Бунин сам цитирует это рассуждение Достоевского в своем дневнике442, а также тщательно переписывает пушкинские слова о революции443. И не раз он говорил, что один лишь Достоевский сумел понять, в чем ложь социализма. Муромцева отмечает в своем дневнике: «Да, – сказал Ян, – только Достоевский до конца с гениальностью понял социалистов, всех этих Шигалевых.
Толстой не думал о них, не верил, а Достоевский проник до самых глубин их»444.
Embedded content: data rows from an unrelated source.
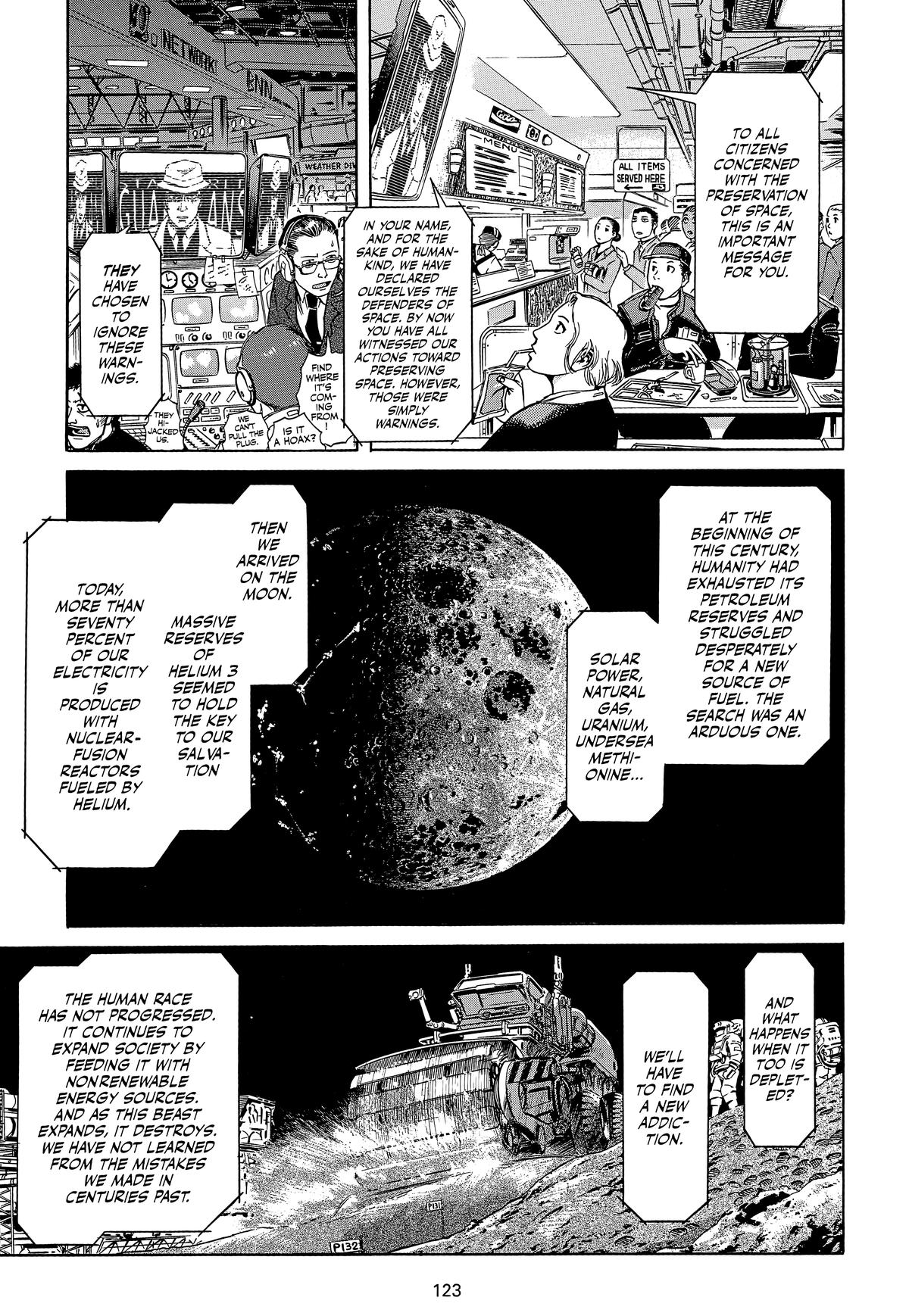 Planetes Chapter 3 - Page 26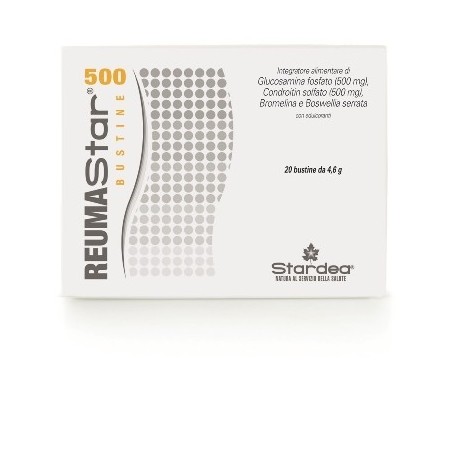 Stardea Reumastar 500 20 Bustine 4,6 G - Integratori per dolori e infiammazioni - 938957812 - Stardea - € 21,97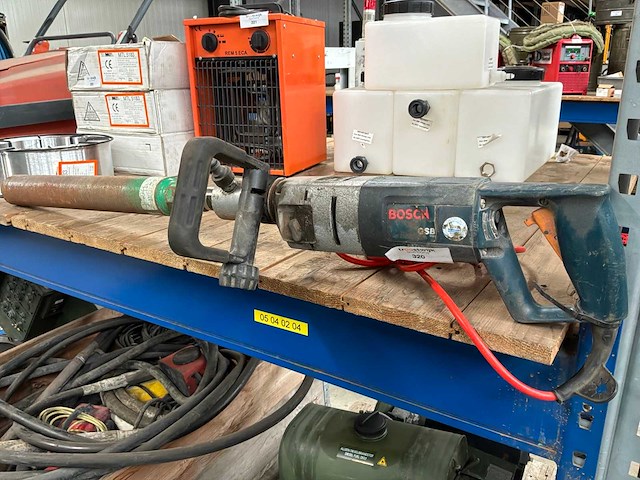2003 bosch gsb 90-2e diamantboormachine - afbeelding 1 van  4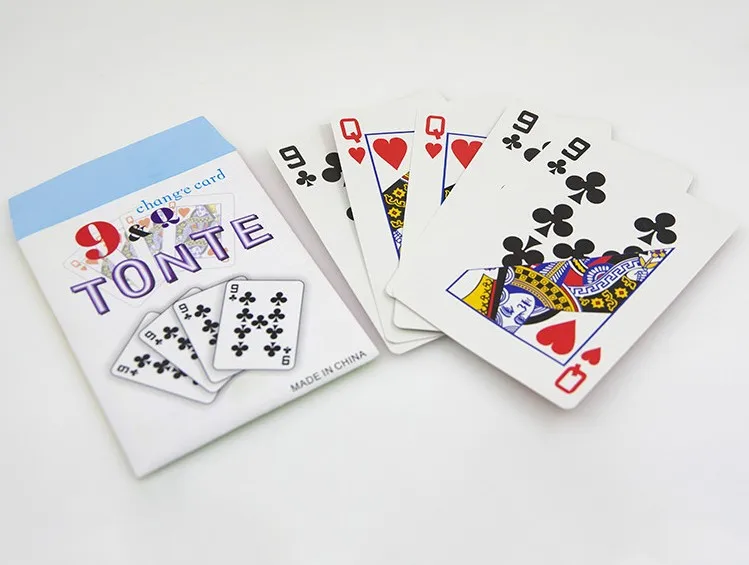 ITgimmick 9 & Q Tonte Card магический трюк|trick|trick magictrick card |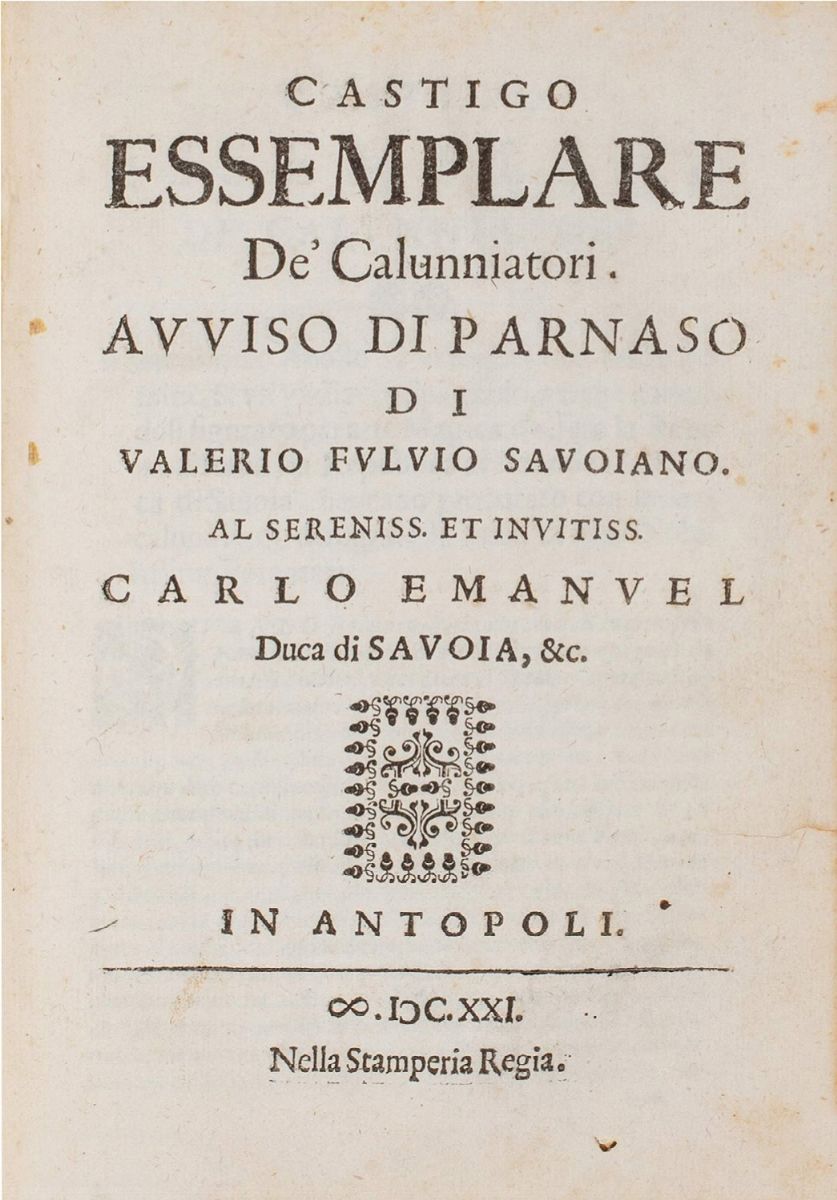 Casas, Bartolomé De Las - Casas, Istoria o Brevissima Relatione della Distruttione dell'Indie Occ...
К одной из тайн человеческой жизни (и жизни социальной) принадлежит, по мнению Бунина, и загадка власти. Эта, казалось бы, столь земная и прозаическая вещь, на самом деле, если в нее вдуматься, как вдумывается Бунин, оказывается чем-то нематериальным и неуловимым. Таинственный механизм власти, в принципе неизменный в веках, позволяет старому и бессильному властвовать над молодым и сильным, глупому над мудрым и т. д. («Сила не в самой силе, а в той власти, с которой связана она», – говорит Бунин в «Святочном рассказе» (Пг. VI. 270), этой же теме посвящен и рассказ «Сила»[16].)